Signe Amanda Georgina Hebbe (30 July 1837 – 14 February, 1925), was a Swedish soprano, actress, and theatre pedagogue.
Signe Hebbe was born in Värnamo to the journalist Vendela Hebbe and Clemens Hebbe. In 1848, at the age of eleven, she studied music at the Lindblad pianoschool, at the school of the Royal Swedish Opera and for Karolina Bock. From 1852–1854, she studied at the conservatory in Berlin. She debuted in a dramatic part in the Royal Dramatic Theatre in 1855, but did not succeed in spoken drama and continued to study singing.

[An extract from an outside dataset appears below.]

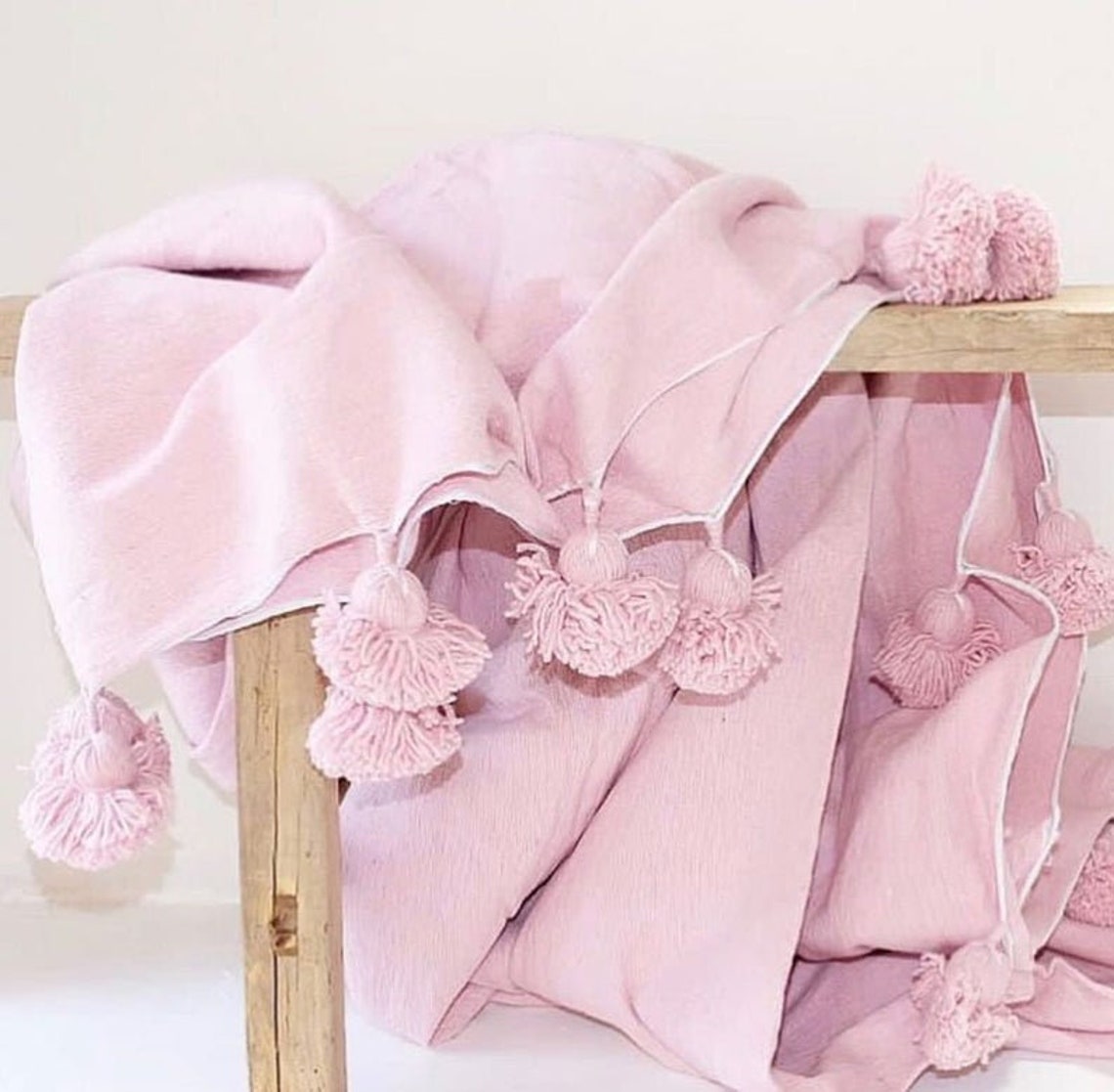 PINK THROW BLANKET Moroccan Blanket Pink Cotton Tassel Etsy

She was accepted at the Paris conservatory in 1856, where she became the first singer from Scandinavia to receive a medal. She instructed in plastic at the conservatory and was the teacher of Sarah Bernhardt when she was the replacement of Élie during his absence in 1860. Francesco Lamperti developed her singing in Milan and studied Adelaide Ristori and Ernesto Rossi for her dramatic talent.

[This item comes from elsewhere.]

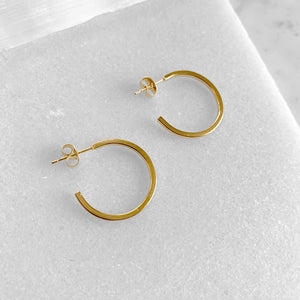 Square Profile Gold Hoop Earrings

She sang in Lyon from1861 and 1862, debuted in Frankfurt and was employed at the court theatre of Mannheim, Nationaltheater Mannheim. Between 1864 and 1879, she toured Europe and sang in Stockholm, Karlsruhe, Köpenhamn, Théâtre Lyrique in Paris, Warszawa, Geneva, Milano, Palermo, Helsingfors, and Oslo. As an actor, she was criticized for her way of acting, as she did not like to interpret the female parts as weak, but wanted to give them a more independent interpretation than the Victorian age wanted to view women.